|This book, the third in Haynes' series of officially endorsed titles about the history of the Le Mans 24 Hours, covers the period of this world-renowned event's revival and evolution following the Second World War. The story is told in great detail by means of a commentary accompanying over 400 photographs, many of them not previously published. Le Mans 24 Hours: The Official History of the World's Greatest Motor Race 1949-59 is an irresistible book for any enthusiast of long-distance sports car racing.
The post-war revival of the Le Mans 24 Hours took four years. The site had been used as an air force base by both the British and the occupying Nazis, and bombed often. It had been mined when converted later to a prison camp. Completely new pits and grandstands had to be built for the resumption of the world's most famous motor race in 1949.

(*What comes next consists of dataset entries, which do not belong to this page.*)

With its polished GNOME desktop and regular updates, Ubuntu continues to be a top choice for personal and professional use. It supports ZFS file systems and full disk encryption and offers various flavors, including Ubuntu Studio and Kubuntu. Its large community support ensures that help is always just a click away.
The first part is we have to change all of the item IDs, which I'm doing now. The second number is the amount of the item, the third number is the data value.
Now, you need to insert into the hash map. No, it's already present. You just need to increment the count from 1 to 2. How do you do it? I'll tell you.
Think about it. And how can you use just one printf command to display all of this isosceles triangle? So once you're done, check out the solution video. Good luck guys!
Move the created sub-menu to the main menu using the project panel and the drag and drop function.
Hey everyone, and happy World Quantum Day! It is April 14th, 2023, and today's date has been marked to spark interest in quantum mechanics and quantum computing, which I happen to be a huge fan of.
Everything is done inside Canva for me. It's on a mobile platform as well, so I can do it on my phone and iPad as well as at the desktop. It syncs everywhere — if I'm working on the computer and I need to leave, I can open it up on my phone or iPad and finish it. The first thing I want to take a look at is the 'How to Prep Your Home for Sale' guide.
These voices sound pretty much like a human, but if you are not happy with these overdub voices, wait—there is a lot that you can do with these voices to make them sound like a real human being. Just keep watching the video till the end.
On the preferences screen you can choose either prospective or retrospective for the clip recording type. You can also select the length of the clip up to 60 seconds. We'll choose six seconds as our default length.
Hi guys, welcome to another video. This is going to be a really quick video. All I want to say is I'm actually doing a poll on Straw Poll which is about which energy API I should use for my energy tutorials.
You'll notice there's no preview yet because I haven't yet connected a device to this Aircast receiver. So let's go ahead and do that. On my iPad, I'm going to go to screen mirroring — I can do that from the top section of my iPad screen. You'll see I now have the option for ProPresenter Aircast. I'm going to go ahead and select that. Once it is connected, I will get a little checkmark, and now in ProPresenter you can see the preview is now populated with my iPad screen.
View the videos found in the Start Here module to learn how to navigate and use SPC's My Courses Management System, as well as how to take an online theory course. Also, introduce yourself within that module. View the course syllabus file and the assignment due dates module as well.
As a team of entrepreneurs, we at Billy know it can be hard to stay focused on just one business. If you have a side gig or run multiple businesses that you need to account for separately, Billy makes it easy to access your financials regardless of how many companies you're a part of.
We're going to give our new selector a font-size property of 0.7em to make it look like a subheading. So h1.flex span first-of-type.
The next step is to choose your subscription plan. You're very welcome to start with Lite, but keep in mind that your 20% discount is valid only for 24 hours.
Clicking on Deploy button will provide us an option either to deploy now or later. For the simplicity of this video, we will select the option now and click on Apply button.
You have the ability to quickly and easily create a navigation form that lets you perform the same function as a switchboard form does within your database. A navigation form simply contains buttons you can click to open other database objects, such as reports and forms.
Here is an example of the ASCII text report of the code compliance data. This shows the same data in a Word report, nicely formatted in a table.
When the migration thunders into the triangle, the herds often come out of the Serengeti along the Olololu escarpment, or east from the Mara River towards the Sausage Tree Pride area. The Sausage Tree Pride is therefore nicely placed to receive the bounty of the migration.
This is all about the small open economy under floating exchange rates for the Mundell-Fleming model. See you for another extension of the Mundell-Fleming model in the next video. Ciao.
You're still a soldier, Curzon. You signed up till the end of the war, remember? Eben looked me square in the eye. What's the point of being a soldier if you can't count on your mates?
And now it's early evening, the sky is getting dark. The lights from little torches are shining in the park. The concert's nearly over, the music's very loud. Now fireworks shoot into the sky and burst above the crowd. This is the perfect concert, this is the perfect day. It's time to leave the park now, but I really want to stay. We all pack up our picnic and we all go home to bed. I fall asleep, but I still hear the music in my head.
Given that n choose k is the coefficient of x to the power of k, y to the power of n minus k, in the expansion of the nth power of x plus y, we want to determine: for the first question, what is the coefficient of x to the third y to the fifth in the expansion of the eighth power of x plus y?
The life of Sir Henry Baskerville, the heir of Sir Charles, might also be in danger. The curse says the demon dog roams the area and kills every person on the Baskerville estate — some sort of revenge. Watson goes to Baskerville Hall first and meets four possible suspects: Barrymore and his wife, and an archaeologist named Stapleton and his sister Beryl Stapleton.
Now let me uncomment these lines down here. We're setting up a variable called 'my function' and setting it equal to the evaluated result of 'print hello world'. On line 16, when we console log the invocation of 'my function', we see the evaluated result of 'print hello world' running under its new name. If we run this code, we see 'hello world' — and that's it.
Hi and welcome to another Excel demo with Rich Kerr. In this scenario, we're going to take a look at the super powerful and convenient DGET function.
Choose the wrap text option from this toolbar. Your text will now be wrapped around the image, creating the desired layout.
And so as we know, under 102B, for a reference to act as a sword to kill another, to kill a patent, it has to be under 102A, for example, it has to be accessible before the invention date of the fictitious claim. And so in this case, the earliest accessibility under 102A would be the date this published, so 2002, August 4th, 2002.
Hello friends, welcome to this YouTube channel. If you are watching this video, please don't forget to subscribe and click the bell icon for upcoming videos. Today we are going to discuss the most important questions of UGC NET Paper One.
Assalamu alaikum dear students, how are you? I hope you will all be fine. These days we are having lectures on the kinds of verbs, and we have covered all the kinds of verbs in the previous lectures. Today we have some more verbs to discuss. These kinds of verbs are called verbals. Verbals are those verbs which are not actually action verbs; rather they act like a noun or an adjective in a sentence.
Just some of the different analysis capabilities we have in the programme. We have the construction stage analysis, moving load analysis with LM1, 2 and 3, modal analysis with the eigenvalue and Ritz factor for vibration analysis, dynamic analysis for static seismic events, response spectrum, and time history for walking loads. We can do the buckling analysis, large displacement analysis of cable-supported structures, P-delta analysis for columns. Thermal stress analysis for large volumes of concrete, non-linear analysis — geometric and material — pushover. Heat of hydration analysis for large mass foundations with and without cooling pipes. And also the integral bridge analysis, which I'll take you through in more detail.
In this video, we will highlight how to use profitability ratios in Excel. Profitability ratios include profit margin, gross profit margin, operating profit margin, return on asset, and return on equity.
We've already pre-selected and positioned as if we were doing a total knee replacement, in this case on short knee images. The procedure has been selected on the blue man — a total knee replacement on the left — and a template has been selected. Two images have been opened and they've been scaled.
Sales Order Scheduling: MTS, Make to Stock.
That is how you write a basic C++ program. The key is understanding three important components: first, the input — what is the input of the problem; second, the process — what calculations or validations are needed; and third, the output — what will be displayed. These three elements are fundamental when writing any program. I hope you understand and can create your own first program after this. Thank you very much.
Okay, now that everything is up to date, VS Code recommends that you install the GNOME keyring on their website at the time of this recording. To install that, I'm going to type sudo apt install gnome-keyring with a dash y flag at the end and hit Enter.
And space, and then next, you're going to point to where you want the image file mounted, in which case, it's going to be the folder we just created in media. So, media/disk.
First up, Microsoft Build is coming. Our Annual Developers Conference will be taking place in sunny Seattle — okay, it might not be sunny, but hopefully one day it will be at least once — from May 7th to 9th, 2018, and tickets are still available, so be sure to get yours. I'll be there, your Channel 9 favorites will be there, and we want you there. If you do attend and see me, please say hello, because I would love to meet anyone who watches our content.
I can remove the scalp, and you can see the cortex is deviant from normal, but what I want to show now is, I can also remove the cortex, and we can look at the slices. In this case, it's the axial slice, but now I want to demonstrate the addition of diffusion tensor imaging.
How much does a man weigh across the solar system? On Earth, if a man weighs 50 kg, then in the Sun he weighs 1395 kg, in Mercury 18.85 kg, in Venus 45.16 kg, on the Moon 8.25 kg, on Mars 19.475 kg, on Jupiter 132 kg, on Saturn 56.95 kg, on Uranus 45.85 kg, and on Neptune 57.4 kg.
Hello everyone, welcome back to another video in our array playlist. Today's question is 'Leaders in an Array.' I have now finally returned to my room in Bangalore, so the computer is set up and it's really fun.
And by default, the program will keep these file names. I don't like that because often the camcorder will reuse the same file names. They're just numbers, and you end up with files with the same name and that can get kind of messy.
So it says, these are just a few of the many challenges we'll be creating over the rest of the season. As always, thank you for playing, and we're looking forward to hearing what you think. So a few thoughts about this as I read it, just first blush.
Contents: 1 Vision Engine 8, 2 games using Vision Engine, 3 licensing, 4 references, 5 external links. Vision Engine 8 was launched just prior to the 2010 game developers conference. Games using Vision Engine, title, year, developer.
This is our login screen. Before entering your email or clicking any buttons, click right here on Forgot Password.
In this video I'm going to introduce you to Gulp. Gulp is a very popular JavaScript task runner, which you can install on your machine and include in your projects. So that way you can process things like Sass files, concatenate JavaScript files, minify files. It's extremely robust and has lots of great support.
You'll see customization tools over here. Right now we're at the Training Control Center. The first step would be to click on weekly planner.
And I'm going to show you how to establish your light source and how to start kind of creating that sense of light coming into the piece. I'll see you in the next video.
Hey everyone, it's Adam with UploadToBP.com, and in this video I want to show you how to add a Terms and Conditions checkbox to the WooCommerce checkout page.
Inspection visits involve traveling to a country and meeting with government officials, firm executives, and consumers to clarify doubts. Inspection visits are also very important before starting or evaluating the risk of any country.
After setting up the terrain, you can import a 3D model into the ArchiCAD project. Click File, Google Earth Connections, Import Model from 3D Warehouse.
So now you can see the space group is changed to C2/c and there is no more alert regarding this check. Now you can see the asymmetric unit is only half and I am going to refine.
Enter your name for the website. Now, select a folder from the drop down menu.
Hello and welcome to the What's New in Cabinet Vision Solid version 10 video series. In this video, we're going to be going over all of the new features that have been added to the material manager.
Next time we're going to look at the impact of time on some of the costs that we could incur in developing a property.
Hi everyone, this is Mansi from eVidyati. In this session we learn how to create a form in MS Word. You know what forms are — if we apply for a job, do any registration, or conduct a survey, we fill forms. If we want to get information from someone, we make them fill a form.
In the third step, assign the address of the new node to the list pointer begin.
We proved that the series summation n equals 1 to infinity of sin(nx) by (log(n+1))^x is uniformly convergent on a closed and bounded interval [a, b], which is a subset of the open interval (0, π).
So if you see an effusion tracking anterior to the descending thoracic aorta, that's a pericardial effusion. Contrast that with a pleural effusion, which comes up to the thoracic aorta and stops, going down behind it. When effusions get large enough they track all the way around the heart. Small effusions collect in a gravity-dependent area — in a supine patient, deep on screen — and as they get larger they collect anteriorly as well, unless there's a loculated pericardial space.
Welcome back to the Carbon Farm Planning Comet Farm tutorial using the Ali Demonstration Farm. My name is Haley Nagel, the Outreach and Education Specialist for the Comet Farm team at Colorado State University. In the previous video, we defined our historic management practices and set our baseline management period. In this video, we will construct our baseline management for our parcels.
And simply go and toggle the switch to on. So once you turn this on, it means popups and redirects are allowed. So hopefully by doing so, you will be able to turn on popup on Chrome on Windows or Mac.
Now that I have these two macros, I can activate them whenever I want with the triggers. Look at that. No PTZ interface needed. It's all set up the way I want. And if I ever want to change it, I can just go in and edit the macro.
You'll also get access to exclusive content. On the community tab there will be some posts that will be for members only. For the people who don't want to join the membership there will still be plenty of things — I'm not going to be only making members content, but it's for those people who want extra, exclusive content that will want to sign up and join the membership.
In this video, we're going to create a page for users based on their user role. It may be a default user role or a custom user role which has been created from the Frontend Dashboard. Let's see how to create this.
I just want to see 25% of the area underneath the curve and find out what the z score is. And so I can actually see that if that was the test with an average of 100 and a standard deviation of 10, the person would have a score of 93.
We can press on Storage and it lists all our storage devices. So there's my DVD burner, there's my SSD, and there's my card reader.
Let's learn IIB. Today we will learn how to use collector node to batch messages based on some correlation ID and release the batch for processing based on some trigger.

Only six years on, those new facilities had to be demolished, in response to the worst accident in motor racing history. Two cars collided in a kink in the start/finish straight, and the parts of one of them scythed 100 metres through the spectators. Eighty lost their lives. The shock was widespread, and threatened the very existence of the race. It survived, but major reconstruction was again needed for a second renaissance.
The distressing catastrophe of 1955 was the most significant event of the 11-year period covered by this book. Yet there is so much more to know about the 1950s - a very important decade in the Le Mans story. Ferrari and Jaguar raced to stake claims as the foremost manufacturers of high-performance cars. Mercedes-Benz came back from war-ravaged Germany and again set the standards in race car engineering. Aston Martin finally won at its 20th attempt. Enormous crowds - approaching half a million people - saw the first rear-engined saloons to compete at Le Mans, the first mid-engined sports-racing cars, the first diesels.
As the victorious manufacturers actively promoted their successes, their commercial rivals also set out to win. As many as 15 brought 'works' teams every June, with purpose-built cars. On-track performance soared. In 1949, the fastest car hit 135mph (217kph) on the unique Mulsanne straight. Before the end of the 1950s, top speeds exceeded 180mph (290kph).
Le Mans 24 Hours: The Official History of the World's Greatest Motor Race 1949-59 tells the stories of these increasingly potent racing cars and conveys the punishing nature of an incomparable event - the ultimate test of the mental and physical abilities of the fragile individuals who make up racing teams, be they drivers, engineers, strategists or mechanics.